For the above training I forgot to pass a few params that run evaluation, so I ran the training for a few more epochs to get a sense for eval performance and whether there was any overfitting before doing vibes-based eval on the model and saving it.

# Final Model Eval

In [9]:
# Ignore warnings
logging.set_verbosity(logging.CRITICAL)

def generate_output(input):
    # Run text generation pipeline with our next model
    pipe = pipeline(task="text-generation", model=model, tokenizer=tokenizer, max_length=256)
    result = pipe(input)
    print(result[0]['generated_text'])

In [10]:
prompt = """# Load a dataset using pandas
import pandas as pd
data = pd.read_csv('data.csv')

# Display the first few rows of the dataset
"""

generate_output(prompt)

# Load a dataset using pandas
import pandas as pd
data = pd.read_csv('data.csv')

# Display the first few rows of the dataset
data.head(10)

# Get information about the dataset
data.info()

# Get the index
for i in data.index:
    print(i)

# Get the number of observations
n_obs = data.shape[0]
print(n_obs)

# Get the number of columns
n_cols = data.shape[1]
print(n_cols)

# Get the list of columns
cols = data.columns
print(cols)

# Select a single column
sel_col = data['Country']
print(sel_col)

# Select multiple columns
sel_cols = data[['Country','Age']]
print(sel_cols)

# Select rows
# You can select by index, or by passing a list of indices
# By index, you can select by country using the following example
country_df = data.loc[data['Country']=='


In [11]:
prompt = """# Split data into train and test sets
from sklearn.model_selection import train_test_split
X_train, X_test, y_train, y_test = train_test_split(X, y, test_size=0.2, random_state=42)
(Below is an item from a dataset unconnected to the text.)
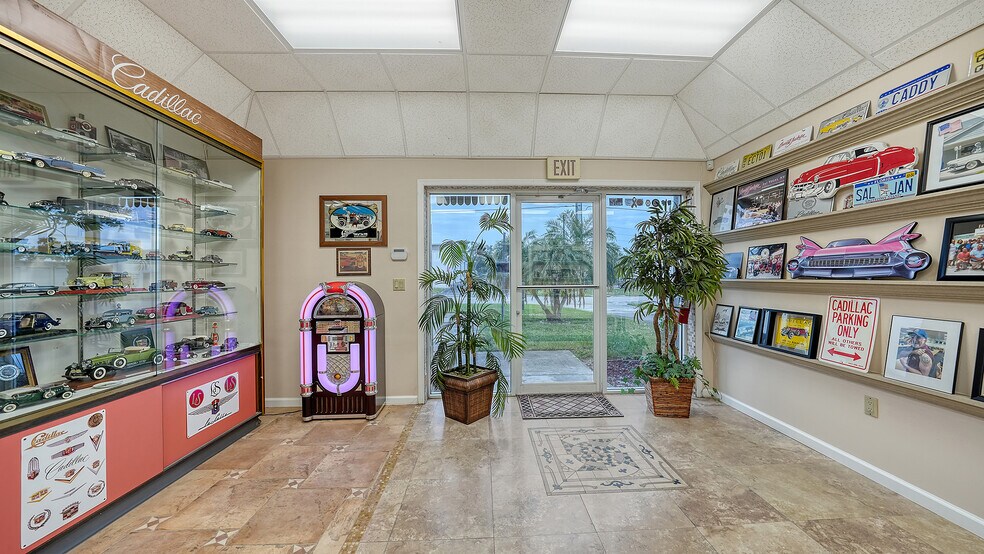 More Photos Of 2111 Whitfield Park Dr, Sarasota Showroom For Sale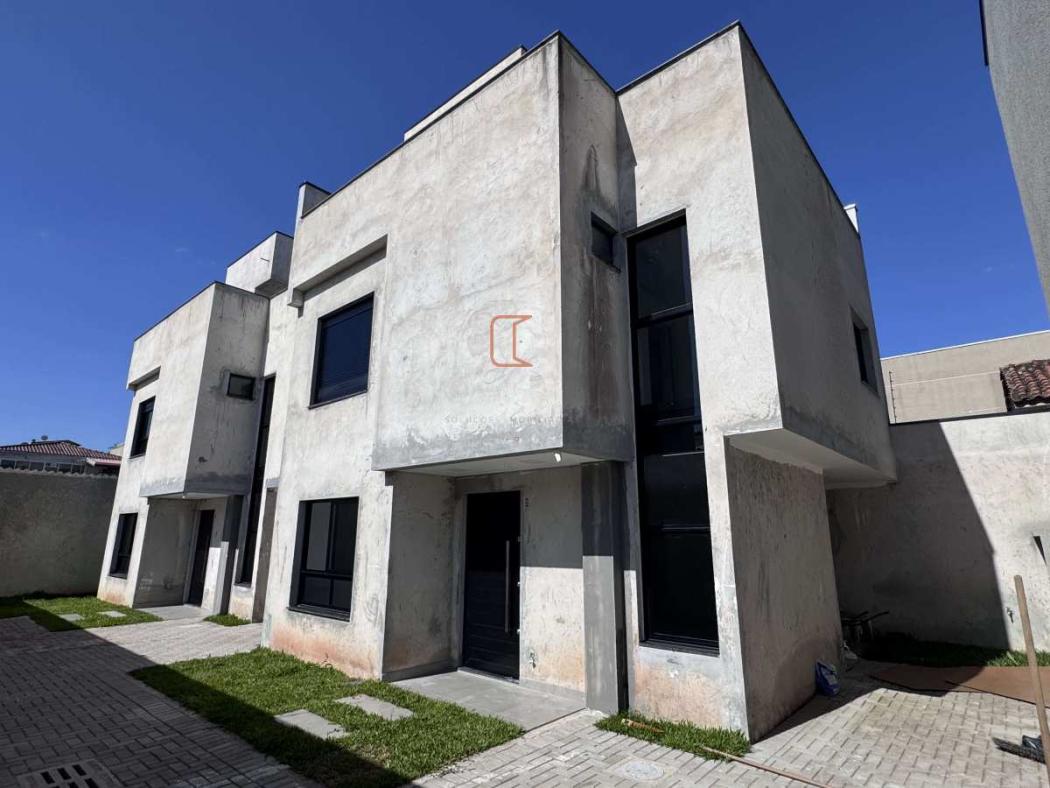 Sobrado em condomínio à venda em Curitiba, Xaxim, com 3 quartos, 144,94m² - voa corretor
# Initialize and train a machine learning model (e.g., Random Forest)

"""

generate_output(prompt)

# Split data into train and test sets
from sklearn.model_selection import train_test_split
X_train, X_test, y_train, y_test = train_test_split(X, y, test_size=0.2, random_state=42)

# Initialize and train a machine learning model (e.g., Random Forest)

# Split data into features and target variable
X_train, X_test, y_train, y_test = train_test_split(X, y, test_size=0.2, random_state=42)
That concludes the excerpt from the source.